IfxPy’s executemany calls IfxPy.execute(stmt, tuple) internally per row. That’s one round-trip per row — for 10,000 rows on a 80 µs RTT, that’s 800 ms of just waiting for ACKs.

Phase 33 changed our executemany to pipeline the BIND+EXECUTE PDUs:

  1. Send all N BIND PDUs back-to-back without reading responses
  2. Send all N EXECUTE PDUs back-to-back
  3. Drain N response sets at the end

The kernel buffers the outbound bytes; the server processes the BIND/EXECUTE pipeline as fast as it can; we read all responses at the end. One RTT for the whole batch instead of N.
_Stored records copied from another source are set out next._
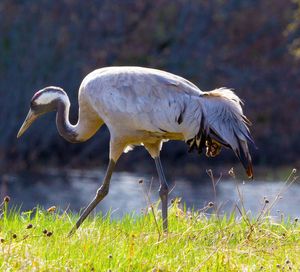 Side view of a bird on field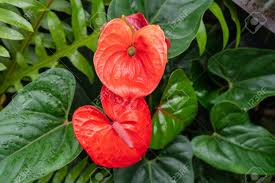 Maybe you would like to learn more about one of these? The Red Heart Shaped Flowers Of Anthuriums Is Really A Spathe Or A Waxy Modified Leaf Flaring Out From The Base Stock Photo Picture And Royalty Free Image Image 122689518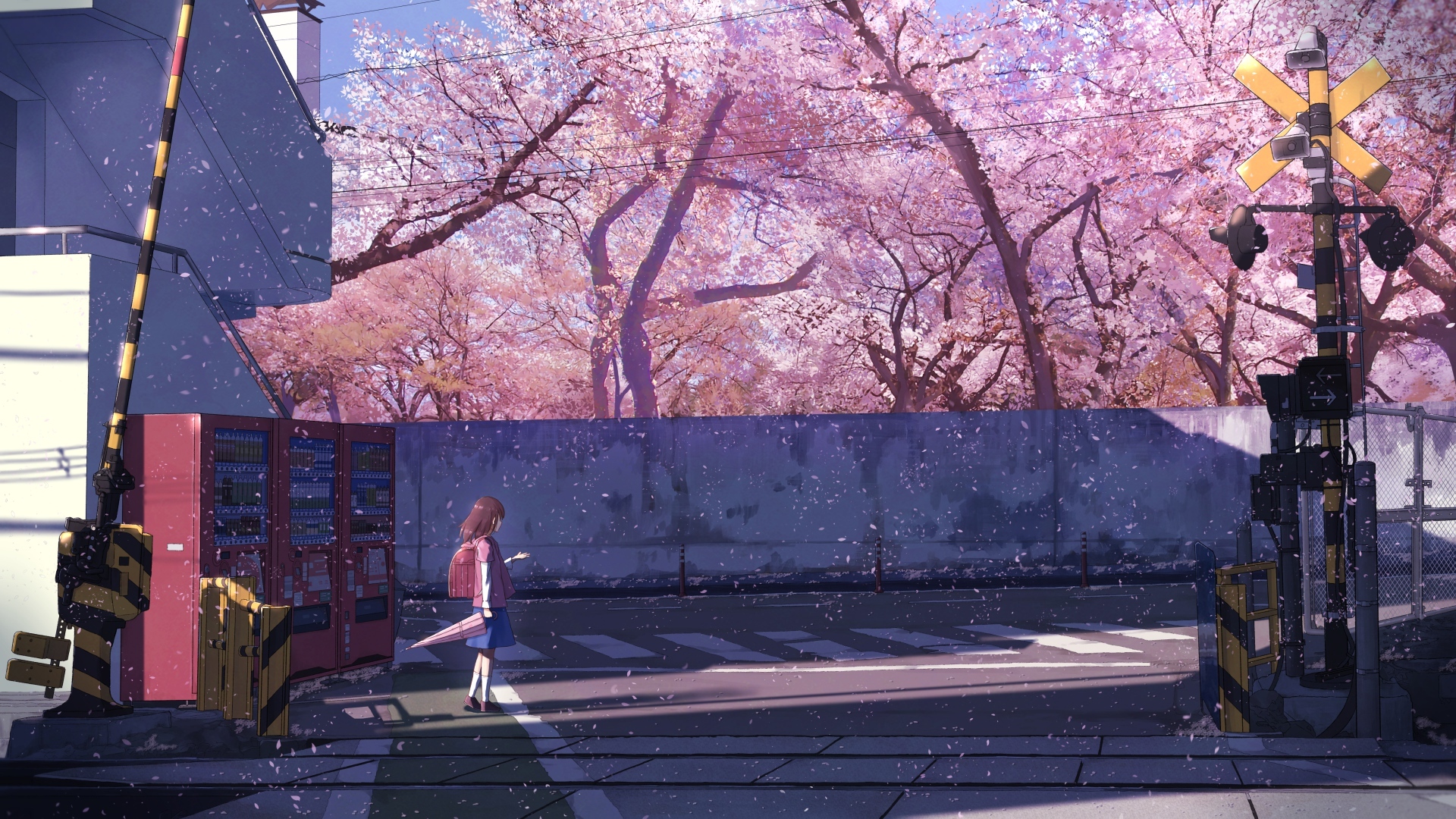 Wallpaper Scenery, Trees, Sakura Blossom, Anime School Girl, Spring:1920x1080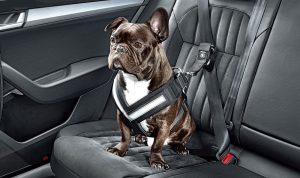 Thuê Xe Chở Thú Cưng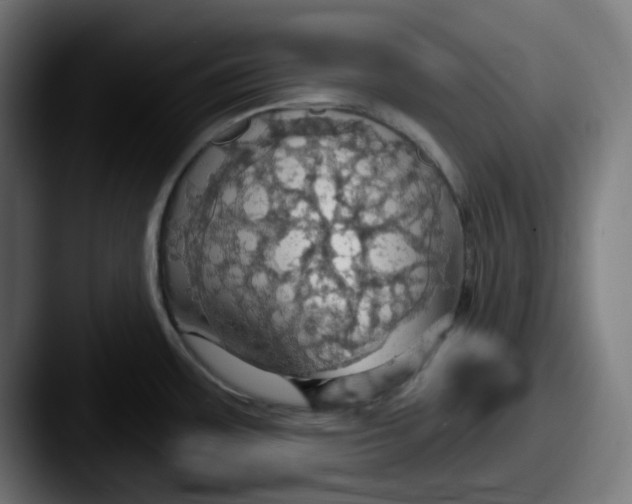 X0000087531483200705181021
For very large batches (millions of rows), break into chunks to bound memory:

def chunks(it, n):
buf = []
for x in it:
buf.append(x)
if len(buf) >= n:
yield buf
buf = []
if buf:
yield buf
with conn:
cur = conn.cursor()
for batch in chunks(huge_iterator, 10_000):
cur.executemany("INSERT INTO logs ...", batch)
# one transaction, many batched executemany calls — one commit at the end

10,000 rows per chunk is a reasonable default; the per-chunk Python memory cost is ~ N × bytes_per_row. For 10k tuples of 5 small fields that’s a few MB.

Informix’s SERIAL columns are server-assigned. To get the IDs back, use a single-row insert per row and read cur.lastrowidexecutemany doesn’t return per-row IDs.

For batch inserts that need the IDs, the idiomatic pattern is:

INSERT INTO orders (id, customer_id, total)
SELECT MAX(id) + ROWNUM, ?, ? FROM orders

…or pre-generate IDs from a sequence in your app code. Or accept IfxPy’s same limitation: IfxPy.executemany doesn’t return per-row generated keys either.